*** Given entries Section Begins ***
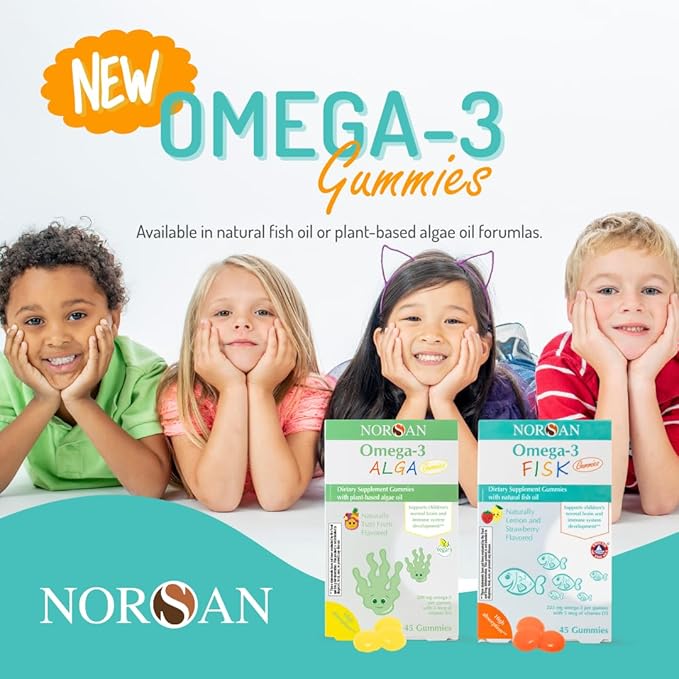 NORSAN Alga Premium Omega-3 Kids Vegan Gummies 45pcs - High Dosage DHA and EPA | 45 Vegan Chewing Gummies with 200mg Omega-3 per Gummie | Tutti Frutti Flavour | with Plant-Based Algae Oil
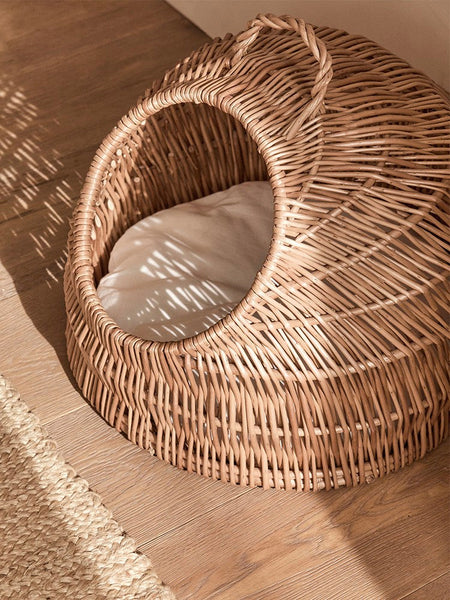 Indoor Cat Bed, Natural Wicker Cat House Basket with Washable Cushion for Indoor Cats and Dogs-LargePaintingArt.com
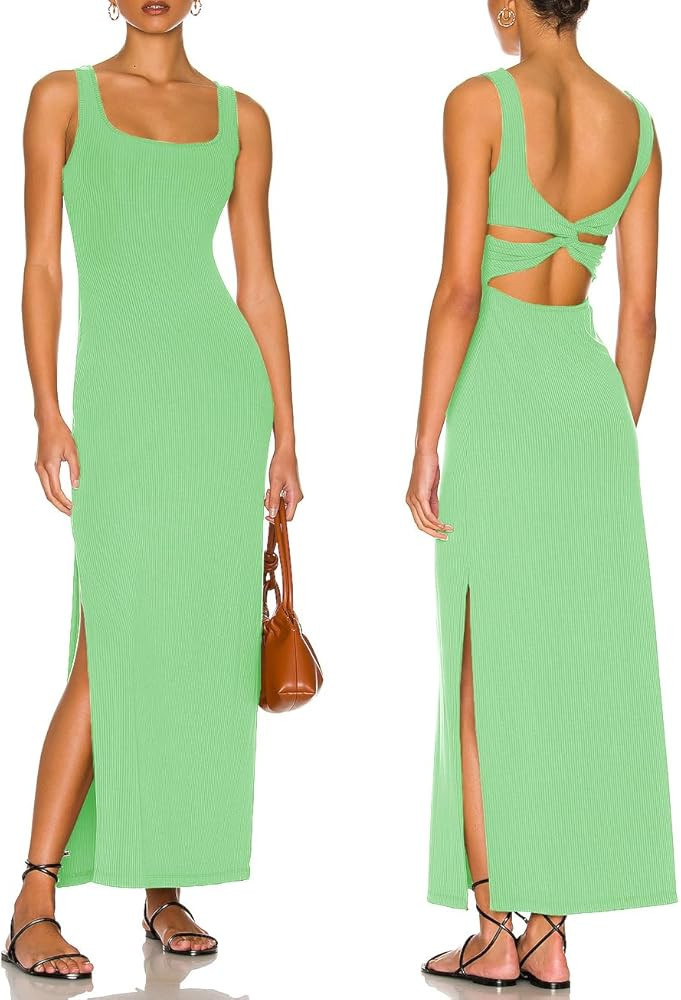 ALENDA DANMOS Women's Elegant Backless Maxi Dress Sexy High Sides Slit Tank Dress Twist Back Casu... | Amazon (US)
*** Given entries Section Ends ***
*** Given entries Section Begins ***
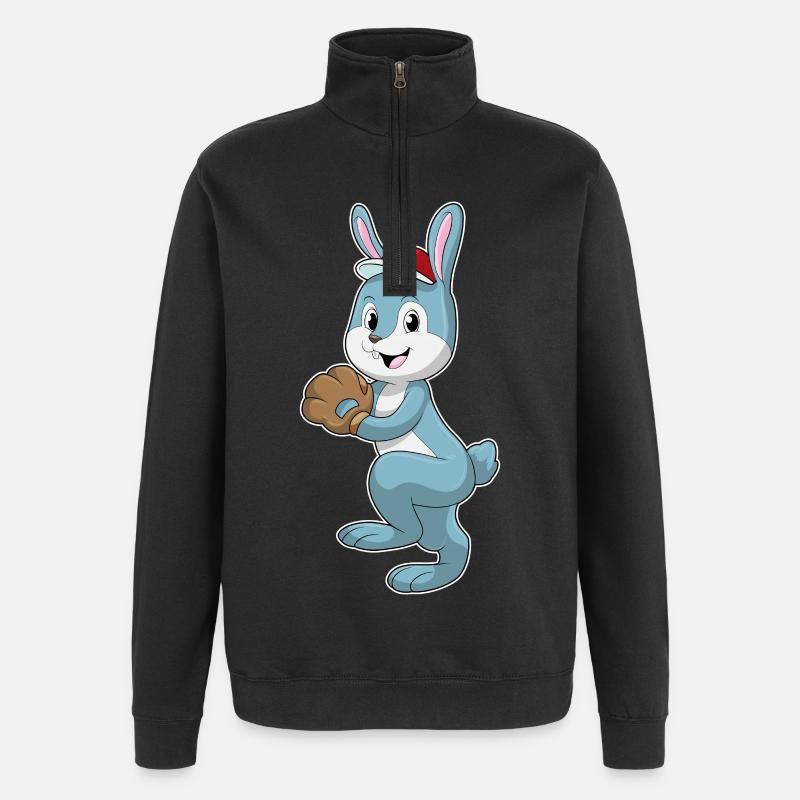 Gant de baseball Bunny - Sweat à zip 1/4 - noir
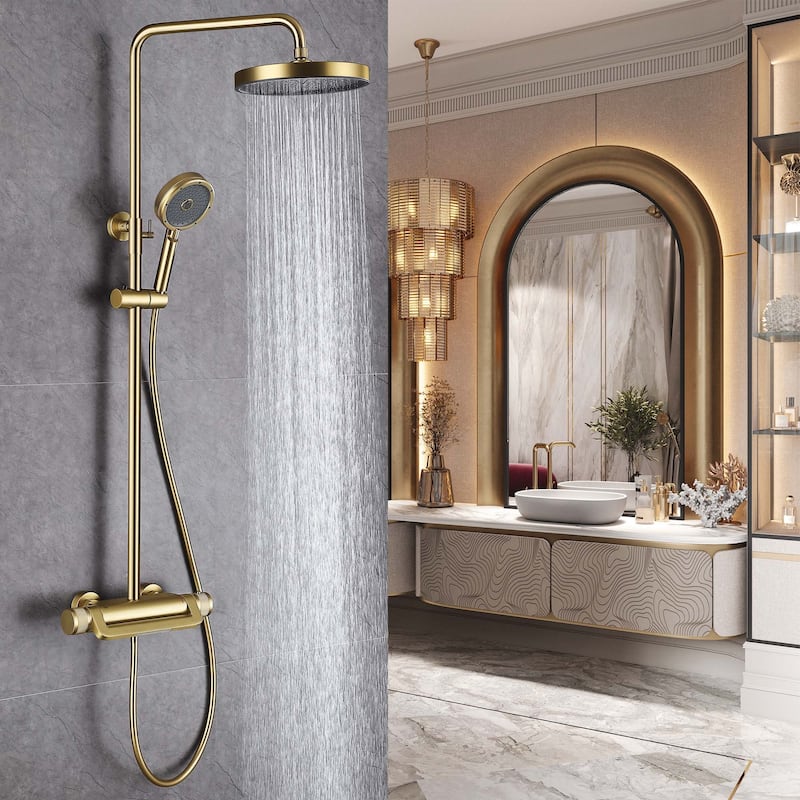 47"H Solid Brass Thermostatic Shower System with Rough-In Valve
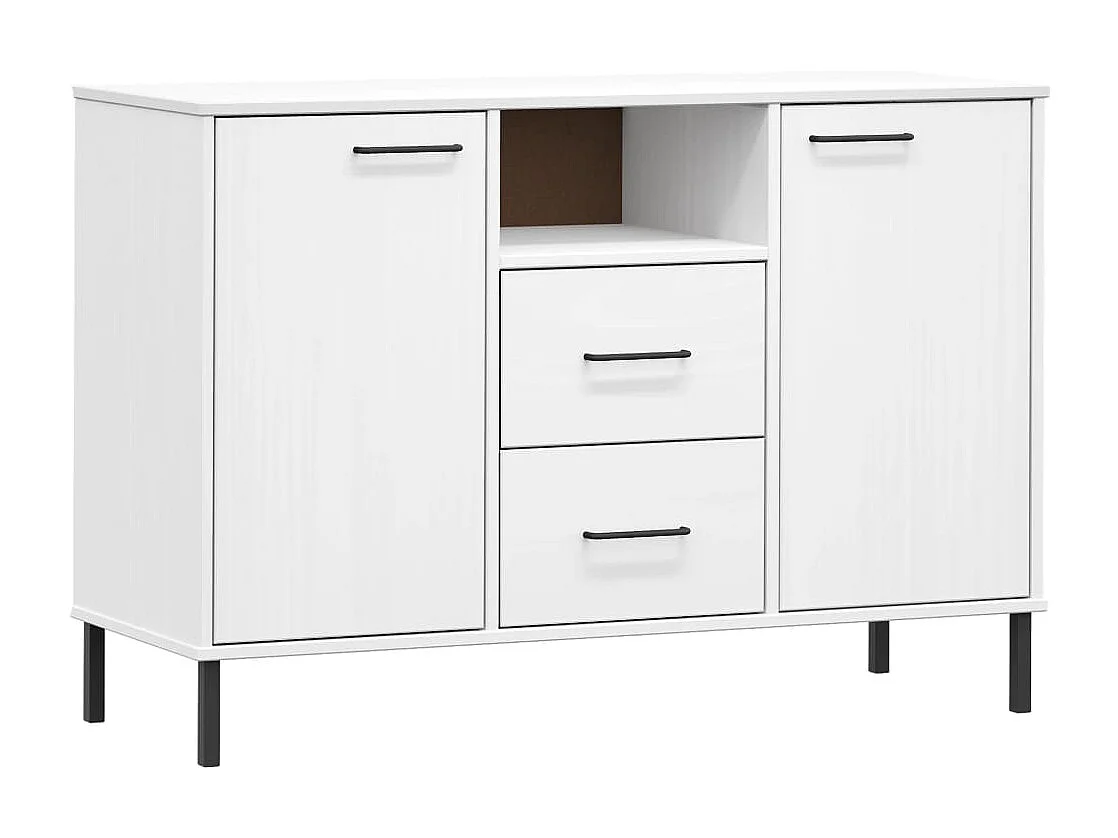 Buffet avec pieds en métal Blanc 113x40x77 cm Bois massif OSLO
*** Given entries Section Ends ***
Go down the entries above from the line containing "NORSAN Alga Premium" to the line containing "ALENDA DANMOS Women's" and write out each line exactly, leaving pictures out.

- **Solved problem**:
 NORSAN Alga Premium Omega-3 Kids Vegan Gummies 45pcs - High Dosage DHA and EPA | 45 Vegan Chewing Gummies with 200mg Omega-3 per Gummie | Tutti Frutti Flavour | with Plant-Based Algae Oil
 Indoor Cat Bed, Natural Wicker Cat House Basket with Washable Cushion for Indoor Cats and Dogs-LargePaintingArt.com
 ALENDA DANMOS Women's Elegant Backless Maxi Dress Sexy High Sides Slit Tank Dress Twist Back Casu... | Amazon (US)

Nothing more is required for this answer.